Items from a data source

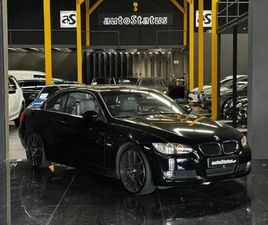 BMW SERIE 3 CABRIOLET 320 320 I CABRIO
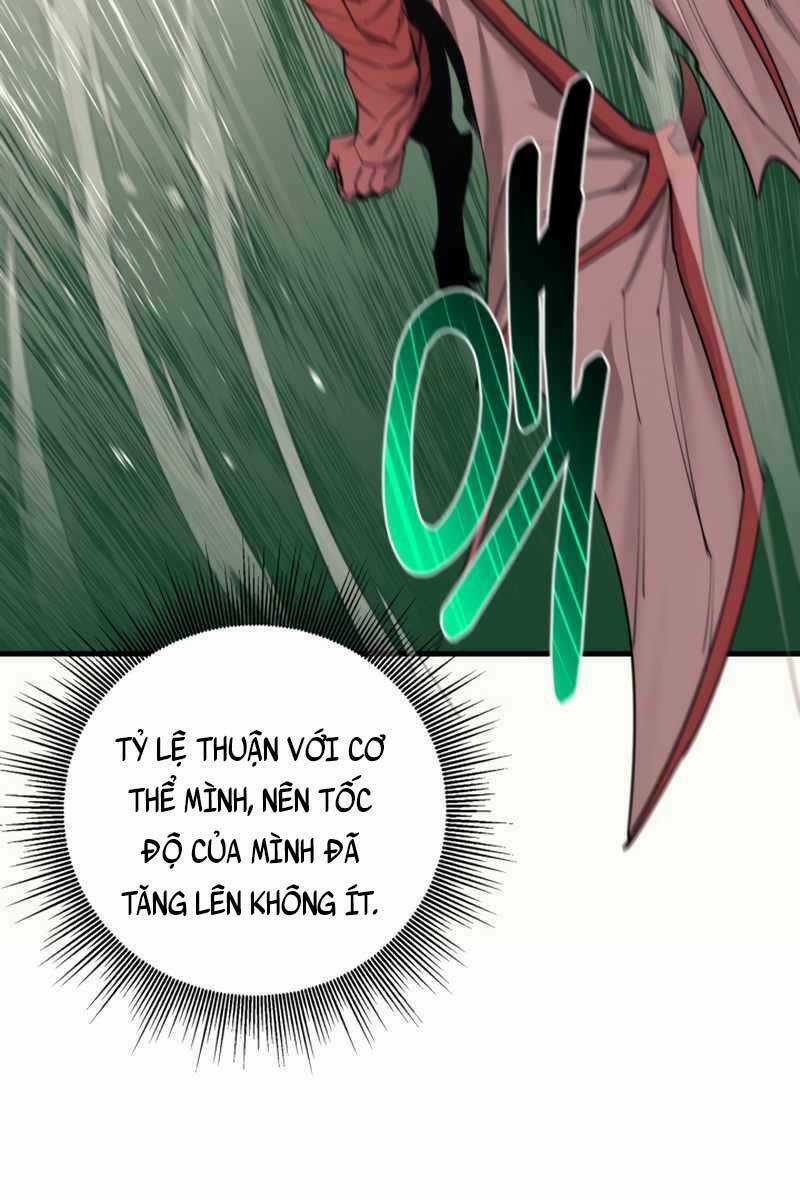 Tôi Càng Ăn Càng Trở Nên Mạnh Mẽ Chapter 91 trang 23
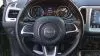 Jeep Compass 2.0 Mjet 103kW Limited 4x4 ATX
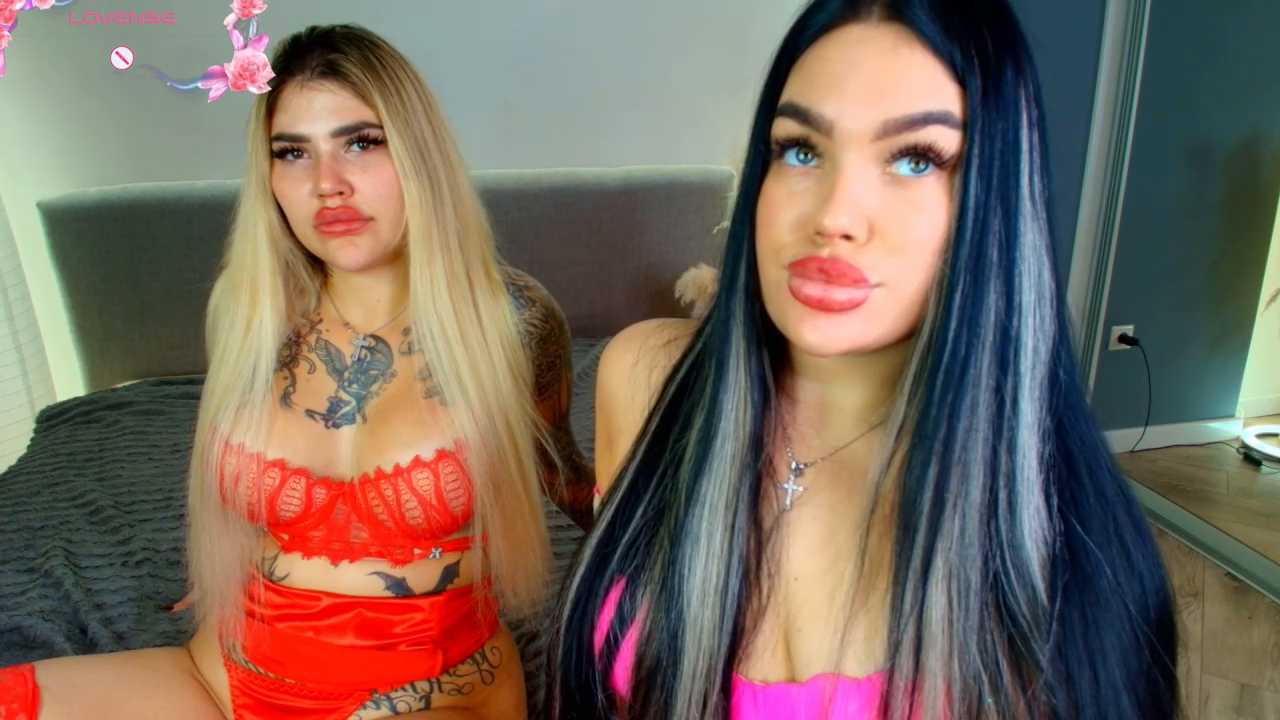 katerine_Monroe cam recording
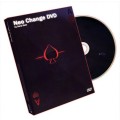 Neo Change by Daryl Sato Neo Change by Daryl Sato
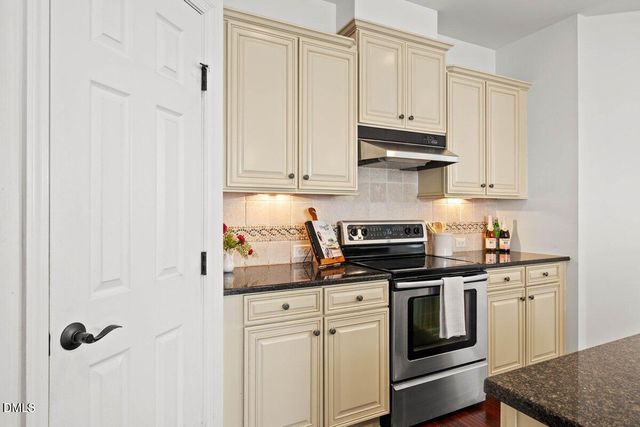2777 Cashlin Drive, Raleigh, NC 27616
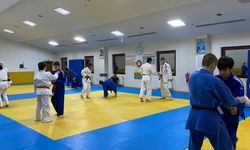Osmangazi Belediyespor Judo Takımı: Madalya peşinde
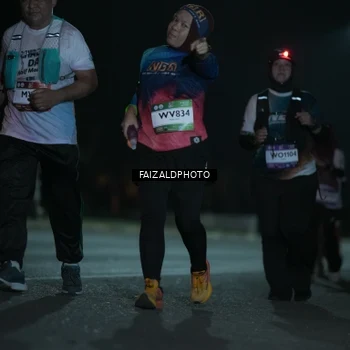 Runner Photo 7765529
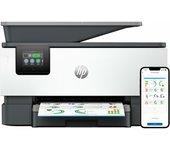 HP Impresora Láser Officejet Pro 9120b Aio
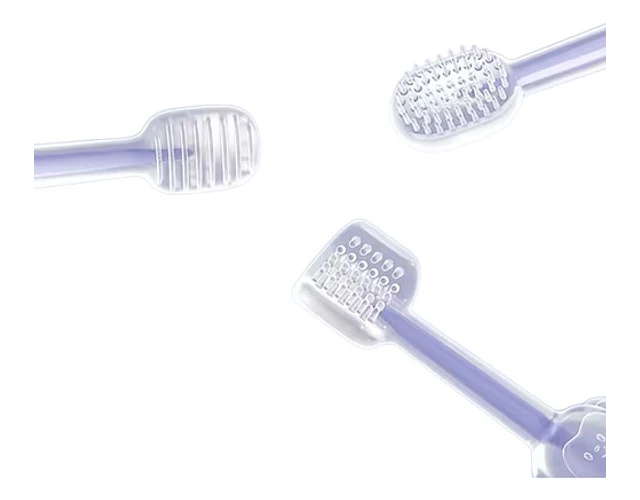 SET CEPILLOS DE DIENTES PARA BEBES - 1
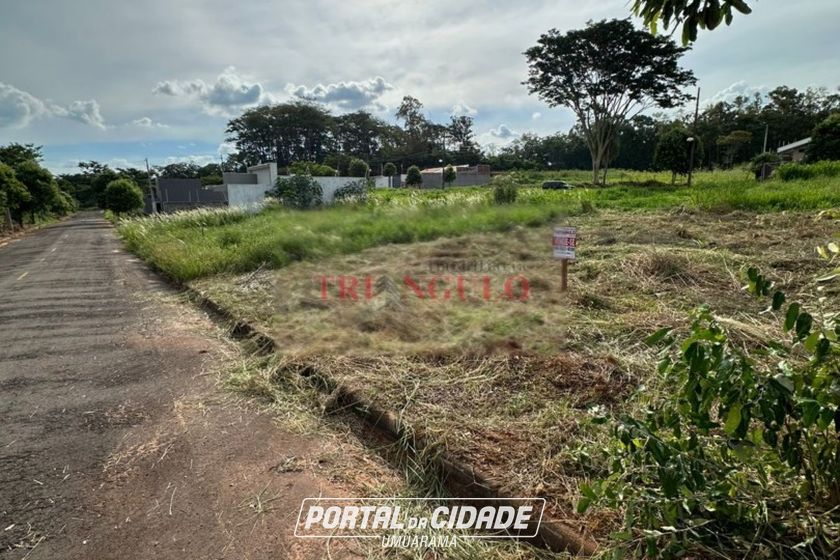 Terreno &agrave; venda - 255m&sup2; - PARQUE RESIDENCIAL VIENA II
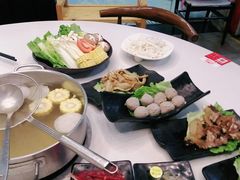 -陈记顺和潮汕牛肉火锅(棠德南路店)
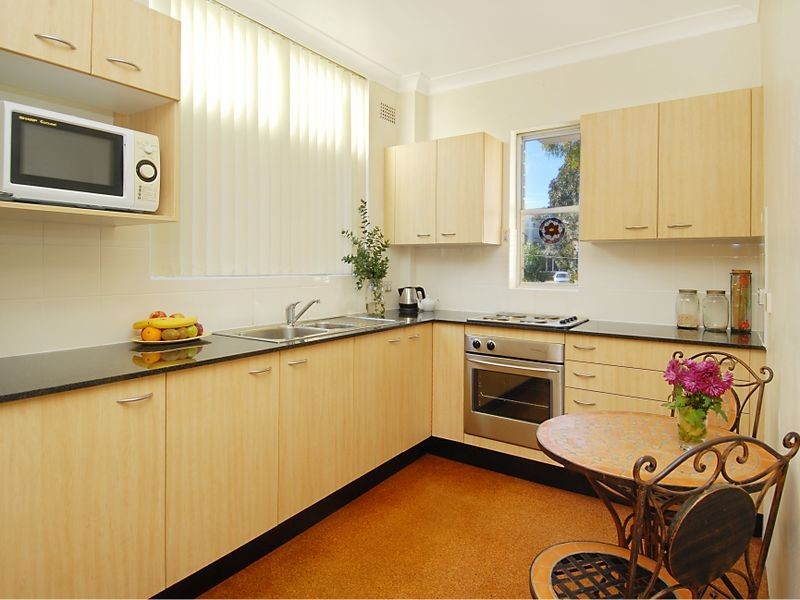 10/47 Albion Street, Waverley NSW 2024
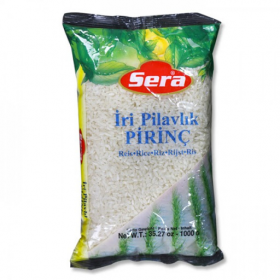 Sera Tosya Pirinc Iri Pilavlik 1kg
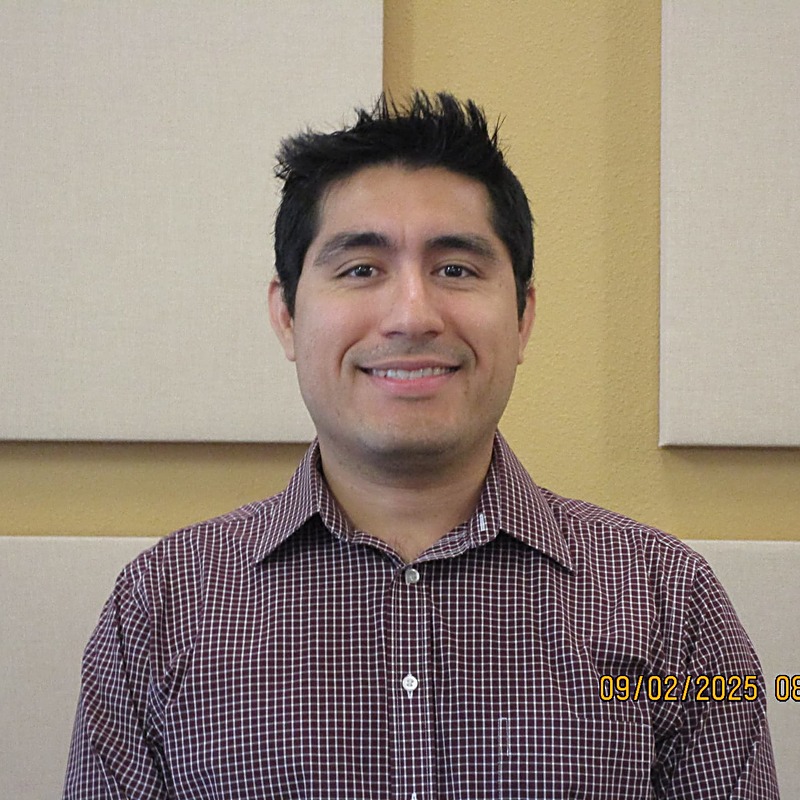 Abel Barraza, Engineering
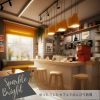 Download track Whimsical Cafe Interlude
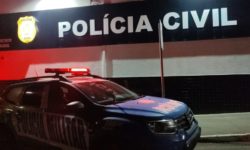 PM prende suspeito de furtar mercadorias em supermercado de Catalão PM prende suspeito de furtar mercadorias em supermercado de Catalão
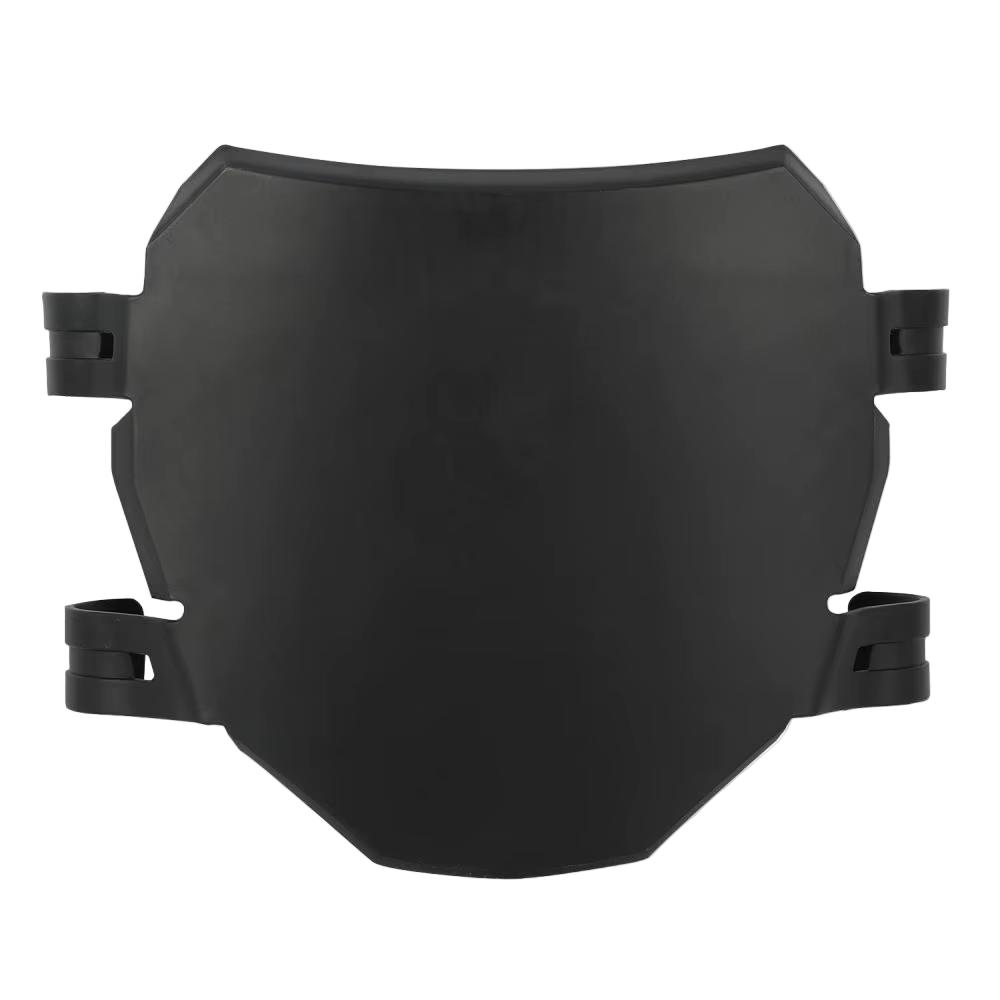 Front License Plate for Surron, Talaria & Eride Pro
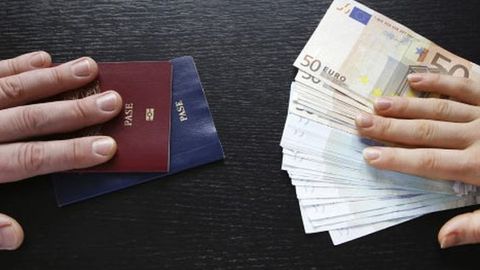 Bloomberg investitsiya evaziga fuqarolik beruvchi davlatlar ro‘yxatini tuzdi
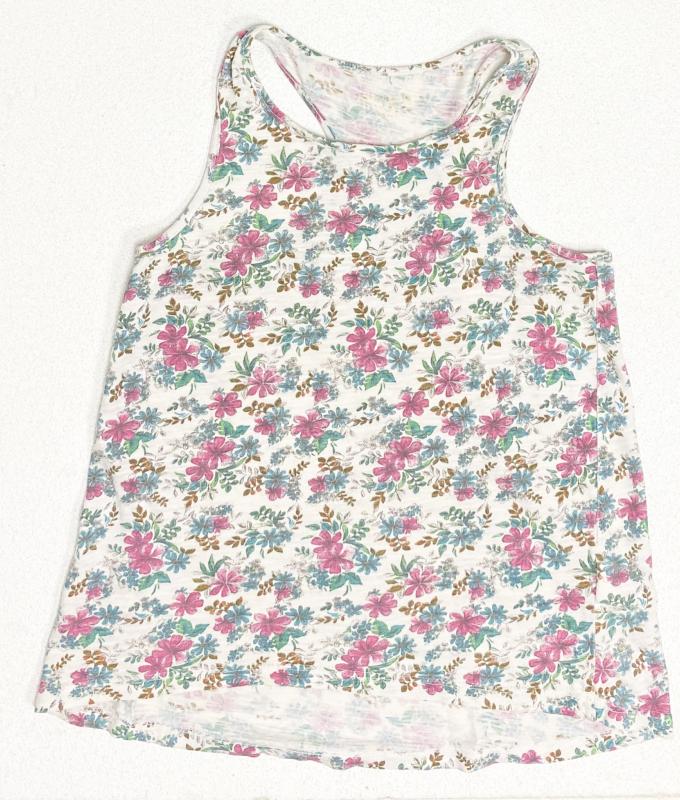 Débardeur Fille 8 ans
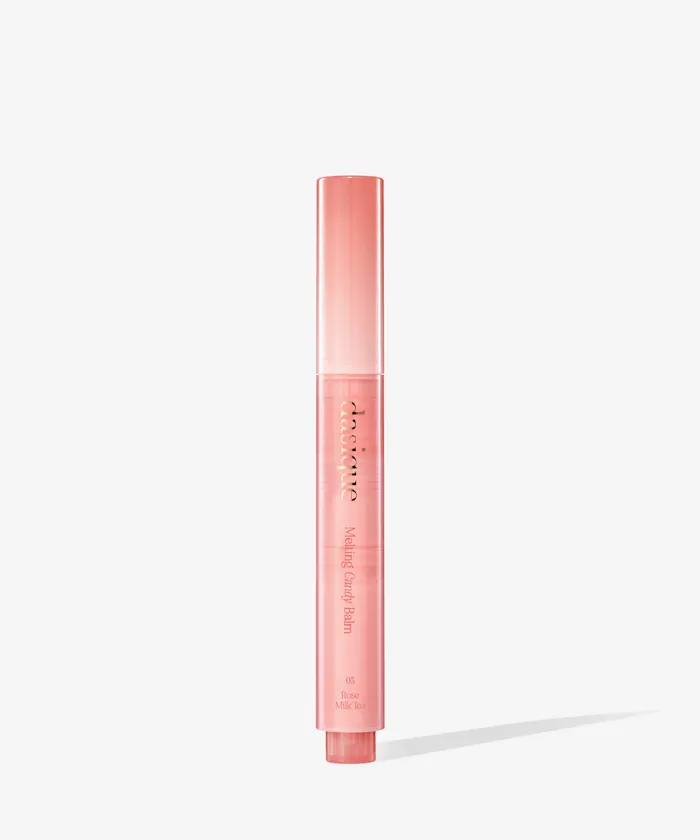 [Dasique] Melting Candy Balm #03 Rose Milk Tea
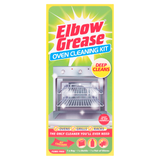 12 x Elbow Grease Oven Cleaner Set 500Ml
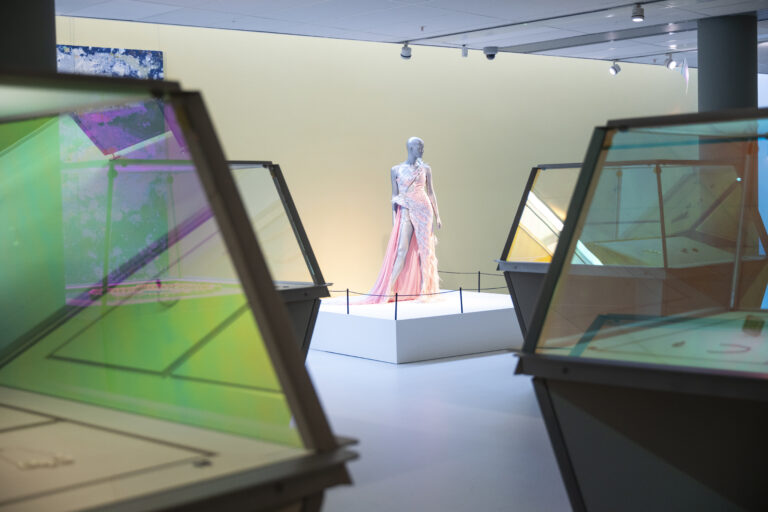 PRISMA – De keuze van Rikkie Kollé — museum-expo in Apeldoorn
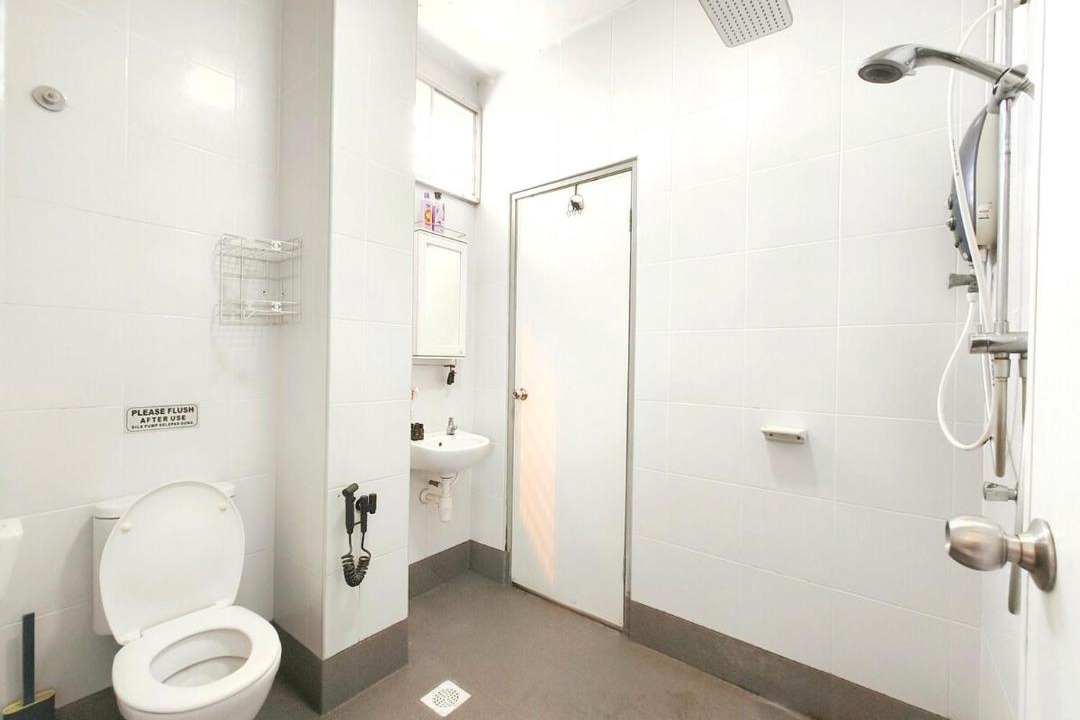 Photo of Bathroom in Kamunting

* [What you have to do]: Print once more, exactly, the lines that start at the top of the records above and end at the line with "Download track Whimsical Cafe Interlude", skipping all pictures.

* [Written reply]:
 BMW SERIE 3 CABRIOLET 320 320 I CABRIO
 Tôi Càng Ăn Càng Trở Nên Mạnh Mẽ Chapter 91 trang 23
 Jeep Compass 2.0 Mjet 103kW Limited 4x4 ATX
 katerine_Monroe cam recording
 Neo Change by Daryl Sato Neo Change by Daryl Sato
2777 Cashlin Drive, Raleigh, NC 27616
Osmangazi Belediyespor Judo Takımı: Madalya peşinde
 Runner Photo 7765529
 HP Impresora Láser Officejet Pro 9120b Aio
 SET CEPILLOS DE DIENTES PARA BEBES - 1
 Terreno &agrave; venda - 255m&sup2; - PARQUE RESIDENCIAL VIENA II
 -陈记顺和潮汕牛肉火锅(棠德南路店)
 10/47 Albion Street, Waverley NSW 2024
 Sera Tosya Pirinc Iri Pilavlik 1kg
 Abel Barraza, Engineering
 Download track Whimsical Cafe Interlude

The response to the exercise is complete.